The late Vance Kennedy tried to warn Stanislaus County authorities over ten years ago that permitting planting of thousands of acres of almonds over one of the last viable aquifers in the Valley would be an environmental catastrophe. In addition to depleting what Dr. Kennedy called our “savings bank,” draining the aquifer has had devastating effects on local streams, creeks, vernal pools and wildlife.

The thousands of acres of trees have also reduced foraging habitat for wildlife and raptors, especially the wintering raptors for which those eastern foothills have been critically important. In just one obvious case of damage to the public trust, orchards around Modesto Reservoir have relied on seepage from the reservoir for irrigation water. That seepage belongs to ratepayers in the Modesto Irrigation District and amounts to over 20,000 acre-feet.
Going forward, the real question will be, “Who pays?” Who will pay for the environmental destruction unregulated pumping has wrought throughout the Valley?
Let’s hope it’s not the ratepayers and small farmers who get stuck with the bill. So far, they’ve been the ones bearing all the burden.

You should put this in the Bee, etc. I’m willing to share the cost I’m assuming the cost is reasonable. Maybe a reduced rate because it’s a public service.

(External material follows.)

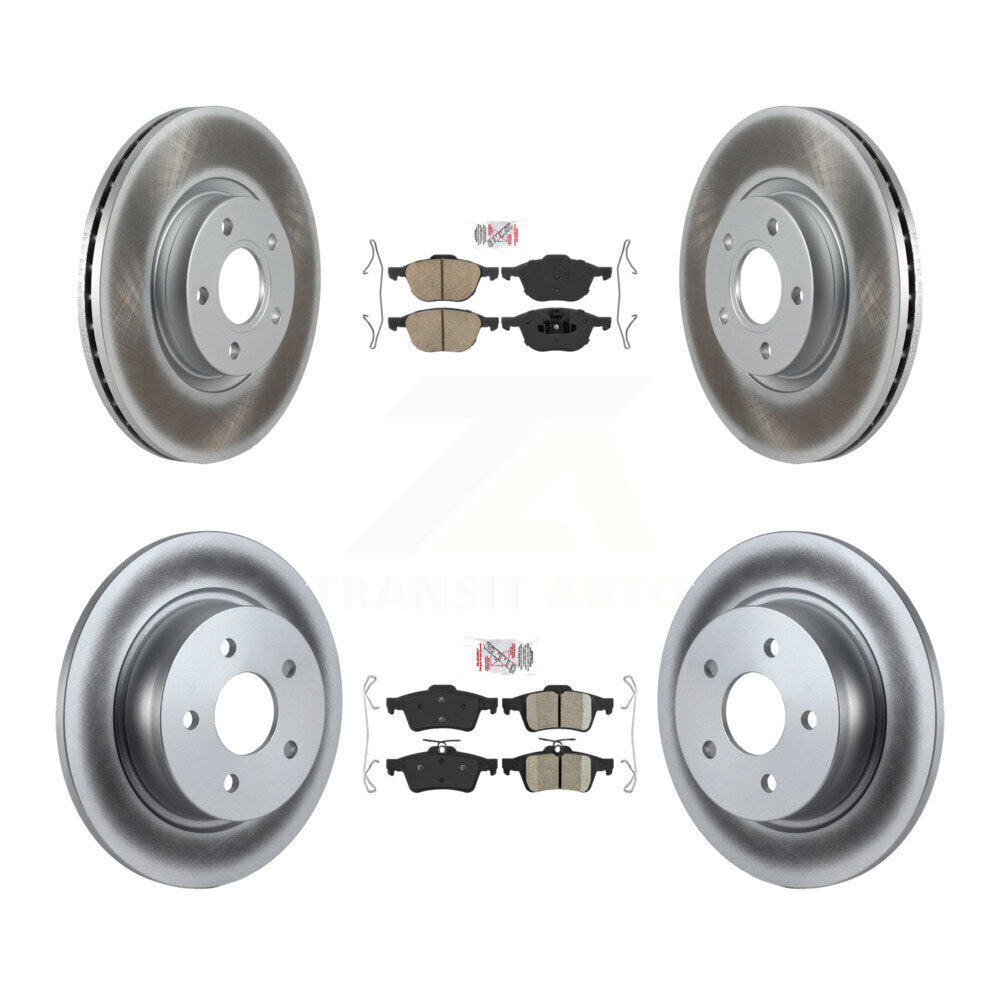 Front Rear Ceramic Pads And Coated Disc Brake Rotors Kit For Ford Escape C-Max KGA-102449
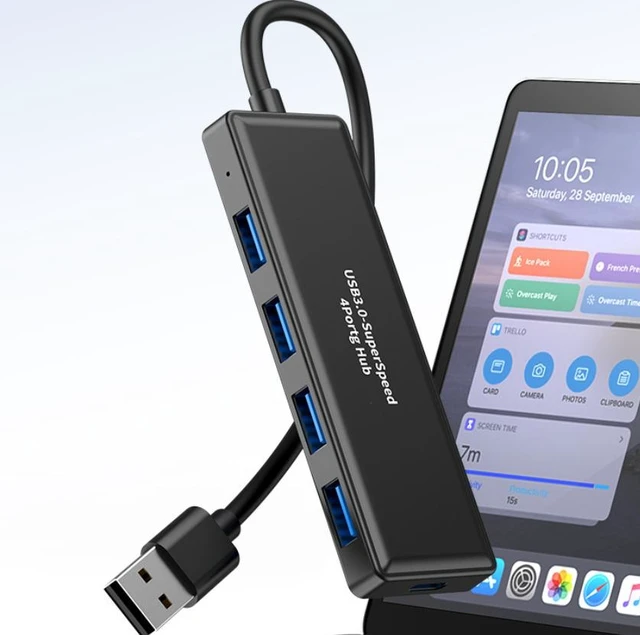 Alt view image 6 of 8 - USB 3.0 4-Port Hub USB Splitter for Laptop, PC, Desktop Multi-Port USB Adapter / Expansion Dock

Mike
I drove out Keyes road on Sunday – 60,000 acres of almonds my friend informed me. Incredible.
Totally irresponsible to plant trees when there was not a sustainable water source. Studies show most farmers care about and want to protect the environment they farm in. The people (can’t call them farmers) that planted all those trees on the eastside were willing to destroy the water aquifer/environment for personal profit and to hell with everything else.